[Your instructions]
Give an exact copy of the lines from the beginning of the listing below to the "102 Walnut Ct — Photo 12" line, inclusive.

[Task material]

####

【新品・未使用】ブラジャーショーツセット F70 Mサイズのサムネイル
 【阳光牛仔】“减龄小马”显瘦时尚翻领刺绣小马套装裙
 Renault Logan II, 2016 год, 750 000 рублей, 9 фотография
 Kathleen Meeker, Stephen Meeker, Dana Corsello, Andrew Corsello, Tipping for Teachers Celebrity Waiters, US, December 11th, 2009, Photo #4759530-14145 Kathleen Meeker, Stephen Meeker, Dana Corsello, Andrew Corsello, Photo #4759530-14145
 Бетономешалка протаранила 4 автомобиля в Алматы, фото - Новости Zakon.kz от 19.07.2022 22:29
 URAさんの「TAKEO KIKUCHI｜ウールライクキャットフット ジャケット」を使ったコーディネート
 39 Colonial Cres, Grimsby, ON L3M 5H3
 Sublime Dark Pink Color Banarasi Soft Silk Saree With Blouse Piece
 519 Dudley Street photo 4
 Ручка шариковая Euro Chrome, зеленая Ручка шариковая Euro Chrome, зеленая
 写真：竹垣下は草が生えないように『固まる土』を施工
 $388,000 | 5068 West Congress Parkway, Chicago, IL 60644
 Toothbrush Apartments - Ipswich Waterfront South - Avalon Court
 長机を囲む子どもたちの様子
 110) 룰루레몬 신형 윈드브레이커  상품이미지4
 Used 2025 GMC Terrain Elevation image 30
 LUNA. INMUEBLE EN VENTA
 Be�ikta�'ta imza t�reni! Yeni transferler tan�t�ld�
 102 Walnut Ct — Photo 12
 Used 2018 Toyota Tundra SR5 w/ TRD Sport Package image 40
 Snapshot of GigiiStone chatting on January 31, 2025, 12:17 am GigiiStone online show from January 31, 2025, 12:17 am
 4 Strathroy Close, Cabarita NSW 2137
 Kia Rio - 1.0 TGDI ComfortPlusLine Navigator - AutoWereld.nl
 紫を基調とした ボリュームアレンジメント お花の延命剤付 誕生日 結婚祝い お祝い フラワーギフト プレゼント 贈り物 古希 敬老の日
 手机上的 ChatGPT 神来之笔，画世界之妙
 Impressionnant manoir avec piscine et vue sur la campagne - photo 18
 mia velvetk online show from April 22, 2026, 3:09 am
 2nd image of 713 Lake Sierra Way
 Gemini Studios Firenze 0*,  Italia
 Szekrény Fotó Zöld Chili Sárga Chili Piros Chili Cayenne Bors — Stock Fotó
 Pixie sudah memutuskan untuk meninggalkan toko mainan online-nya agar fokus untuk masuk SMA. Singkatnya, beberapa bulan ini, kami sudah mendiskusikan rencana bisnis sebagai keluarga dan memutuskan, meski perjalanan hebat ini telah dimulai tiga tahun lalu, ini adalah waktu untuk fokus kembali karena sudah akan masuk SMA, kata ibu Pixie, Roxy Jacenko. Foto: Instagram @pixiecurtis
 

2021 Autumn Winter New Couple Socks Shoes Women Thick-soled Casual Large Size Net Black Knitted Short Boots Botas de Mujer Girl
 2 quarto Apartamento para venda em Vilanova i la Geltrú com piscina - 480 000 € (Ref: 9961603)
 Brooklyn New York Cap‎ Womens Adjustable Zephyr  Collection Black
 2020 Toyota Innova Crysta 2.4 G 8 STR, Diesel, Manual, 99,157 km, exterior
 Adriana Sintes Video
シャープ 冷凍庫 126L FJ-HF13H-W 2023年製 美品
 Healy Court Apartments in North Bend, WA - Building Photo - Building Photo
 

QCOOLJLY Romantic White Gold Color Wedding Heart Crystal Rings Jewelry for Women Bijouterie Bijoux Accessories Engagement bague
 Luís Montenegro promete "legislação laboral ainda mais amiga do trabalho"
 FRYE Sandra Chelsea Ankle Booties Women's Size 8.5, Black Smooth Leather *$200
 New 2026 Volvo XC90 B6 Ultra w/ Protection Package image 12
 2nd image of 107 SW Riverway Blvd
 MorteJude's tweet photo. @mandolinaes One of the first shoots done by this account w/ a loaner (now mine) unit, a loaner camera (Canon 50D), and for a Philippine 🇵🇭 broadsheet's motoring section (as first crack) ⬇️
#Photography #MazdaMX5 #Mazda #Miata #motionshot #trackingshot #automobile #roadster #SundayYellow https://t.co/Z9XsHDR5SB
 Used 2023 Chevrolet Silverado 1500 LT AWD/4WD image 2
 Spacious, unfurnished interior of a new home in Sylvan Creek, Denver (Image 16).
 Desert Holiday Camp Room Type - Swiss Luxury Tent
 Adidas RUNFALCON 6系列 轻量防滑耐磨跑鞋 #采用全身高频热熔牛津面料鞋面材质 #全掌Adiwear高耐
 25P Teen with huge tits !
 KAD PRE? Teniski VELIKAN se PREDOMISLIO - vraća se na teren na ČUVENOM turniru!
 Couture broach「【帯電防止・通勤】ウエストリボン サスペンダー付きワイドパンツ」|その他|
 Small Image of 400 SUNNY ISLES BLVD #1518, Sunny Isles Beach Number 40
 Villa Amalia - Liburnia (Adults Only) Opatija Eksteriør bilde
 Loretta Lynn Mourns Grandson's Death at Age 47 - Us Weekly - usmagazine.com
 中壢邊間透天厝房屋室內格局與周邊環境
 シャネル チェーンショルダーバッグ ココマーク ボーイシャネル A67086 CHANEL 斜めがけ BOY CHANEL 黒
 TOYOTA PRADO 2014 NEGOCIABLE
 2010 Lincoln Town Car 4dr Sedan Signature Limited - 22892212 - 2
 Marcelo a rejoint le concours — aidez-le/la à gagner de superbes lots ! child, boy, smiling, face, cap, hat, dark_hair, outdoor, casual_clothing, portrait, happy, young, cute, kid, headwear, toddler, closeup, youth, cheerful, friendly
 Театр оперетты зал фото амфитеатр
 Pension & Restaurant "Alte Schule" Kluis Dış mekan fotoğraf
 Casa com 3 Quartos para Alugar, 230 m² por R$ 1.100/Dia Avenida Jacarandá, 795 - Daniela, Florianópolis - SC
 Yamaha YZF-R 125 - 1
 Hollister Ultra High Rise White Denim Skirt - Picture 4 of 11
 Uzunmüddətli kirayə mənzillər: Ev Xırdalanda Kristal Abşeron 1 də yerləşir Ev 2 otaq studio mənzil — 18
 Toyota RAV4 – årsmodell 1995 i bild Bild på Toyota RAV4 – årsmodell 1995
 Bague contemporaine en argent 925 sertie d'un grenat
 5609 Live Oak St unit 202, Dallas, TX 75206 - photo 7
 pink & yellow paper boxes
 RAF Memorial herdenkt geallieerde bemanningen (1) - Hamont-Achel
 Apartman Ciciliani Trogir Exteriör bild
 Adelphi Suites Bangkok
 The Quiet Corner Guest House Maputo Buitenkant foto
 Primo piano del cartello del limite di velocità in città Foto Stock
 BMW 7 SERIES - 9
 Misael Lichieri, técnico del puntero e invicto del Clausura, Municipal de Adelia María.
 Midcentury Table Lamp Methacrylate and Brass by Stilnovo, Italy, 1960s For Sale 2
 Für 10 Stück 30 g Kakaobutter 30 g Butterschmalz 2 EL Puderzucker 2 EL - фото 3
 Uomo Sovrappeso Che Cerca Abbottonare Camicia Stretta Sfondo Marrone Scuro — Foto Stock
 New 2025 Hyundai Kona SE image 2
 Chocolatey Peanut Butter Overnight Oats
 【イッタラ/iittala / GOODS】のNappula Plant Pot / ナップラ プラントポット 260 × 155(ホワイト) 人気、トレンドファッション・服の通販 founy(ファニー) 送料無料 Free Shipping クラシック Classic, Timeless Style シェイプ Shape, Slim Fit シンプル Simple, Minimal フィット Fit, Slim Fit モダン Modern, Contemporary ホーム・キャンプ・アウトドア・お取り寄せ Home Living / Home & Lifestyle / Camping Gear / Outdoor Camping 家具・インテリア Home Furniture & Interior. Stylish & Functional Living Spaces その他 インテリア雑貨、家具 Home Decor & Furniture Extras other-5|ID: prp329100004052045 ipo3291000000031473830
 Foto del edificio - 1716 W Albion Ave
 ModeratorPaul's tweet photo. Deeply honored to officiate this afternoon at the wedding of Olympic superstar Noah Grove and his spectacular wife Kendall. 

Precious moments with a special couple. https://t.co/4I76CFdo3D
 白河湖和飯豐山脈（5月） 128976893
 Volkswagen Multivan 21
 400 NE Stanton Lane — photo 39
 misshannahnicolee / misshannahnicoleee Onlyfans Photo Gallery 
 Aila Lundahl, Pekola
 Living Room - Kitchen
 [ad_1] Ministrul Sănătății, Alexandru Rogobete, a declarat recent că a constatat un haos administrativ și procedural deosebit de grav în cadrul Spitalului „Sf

####

[Answer for this exercise]
【新品・未使用】ブラジャーショーツセット F70 Mサイズのサムネイル
 【阳光牛仔】“减龄小马”显瘦时尚翻领刺绣小马套装裙
 Renault Logan II, 2016 год, 750 000 рублей, 9 фотография
 Kathleen Meeker, Stephen Meeker, Dana Corsello, Andrew Corsello, Tipping for Teachers Celebrity Waiters, US, December 11th, 2009, Photo #4759530-14145 Kathleen Meeker, Stephen Meeker, Dana Corsello, Andrew Corsello, Photo #4759530-14145
 Бетономешалка протаранила 4 автомобиля в Алматы, фото - Новости Zakon.kz от 19.07.2022 22:29
 URAさんの「TAKEO KIKUCHI｜ウールライクキャットフット ジャケット」を使ったコーディネート
 39 Colonial Cres, Grimsby, ON L3M 5H3
 Sublime Dark Pink Color Banarasi Soft Silk Saree With Blouse Piece
 519 Dudley Street photo 4
 Ручка шариковая Euro Chrome, зеленая Ручка шариковая Euro Chrome, зеленая
 写真：竹垣下は草が生えないように『固まる土』を施工
 $388,000 | 5068 West Congress Parkway, Chicago, IL 60644
 Toothbrush Apartments - Ipswich Waterfront South - Avalon Court
 長机を囲む子どもたちの様子
 110) 룰루레몬 신형 윈드브레이커  상품이미지4
 Used 2025 GMC Terrain Elevation image 30
 LUNA. INMUEBLE EN VENTA
 Be�ikta�'ta imza t�reni! Yeni transferler tan�t�ld�
 102 Walnut Ct — Photo 12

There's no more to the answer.